Your assignment: The answer must consist of every line from the data that holds the string "Women".

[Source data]
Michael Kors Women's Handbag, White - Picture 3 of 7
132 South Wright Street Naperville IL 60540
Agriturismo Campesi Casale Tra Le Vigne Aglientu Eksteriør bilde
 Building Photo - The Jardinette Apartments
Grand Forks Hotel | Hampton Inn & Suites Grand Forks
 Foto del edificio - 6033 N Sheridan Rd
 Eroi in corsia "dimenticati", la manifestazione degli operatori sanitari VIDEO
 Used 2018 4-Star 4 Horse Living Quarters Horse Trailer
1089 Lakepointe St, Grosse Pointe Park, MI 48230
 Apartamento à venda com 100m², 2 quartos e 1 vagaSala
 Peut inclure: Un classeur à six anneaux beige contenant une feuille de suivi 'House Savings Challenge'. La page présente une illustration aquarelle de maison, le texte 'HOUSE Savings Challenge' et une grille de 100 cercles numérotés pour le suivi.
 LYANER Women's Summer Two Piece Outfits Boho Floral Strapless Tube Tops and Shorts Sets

Finished exercise:
Michael Kors Women's Handbag, White - Picture 3 of 7
 LYANER Women's Summer Two Piece Outfits Boho Floral Strapless Tube Tops and Shorts Sets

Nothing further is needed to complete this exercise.